#### Aim of the task:
Reproduce the listing below from the line with "Erzurum'a Yeni Açık" to the line with "Love & Lebkuchen (eBook, ePUB) - Bild 1", both lines included, character for character, minus any pictures.

(Material provided begins)

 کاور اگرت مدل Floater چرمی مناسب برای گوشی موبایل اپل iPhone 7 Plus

(Material provided ends)
(Material provided begins)

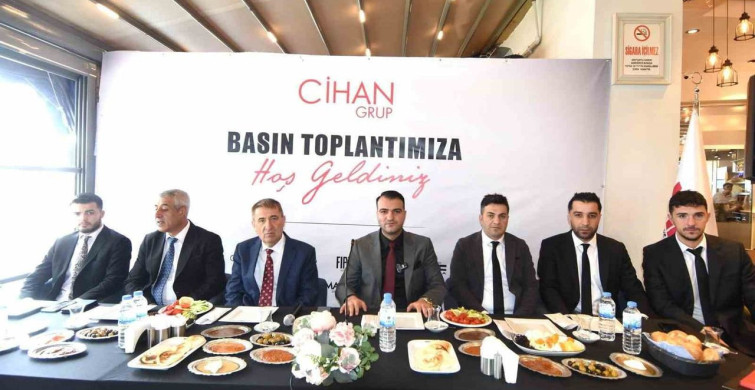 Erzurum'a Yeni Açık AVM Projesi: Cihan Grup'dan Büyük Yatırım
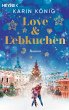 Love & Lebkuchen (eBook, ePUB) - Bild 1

(Material provided ends)

#### Problem solution:
 Erzurum'a Yeni Açık AVM Projesi: Cihan Grup'dan Büyük Yatırım
 Love & Lebkuchen (eBook, ePUB) - Bild 1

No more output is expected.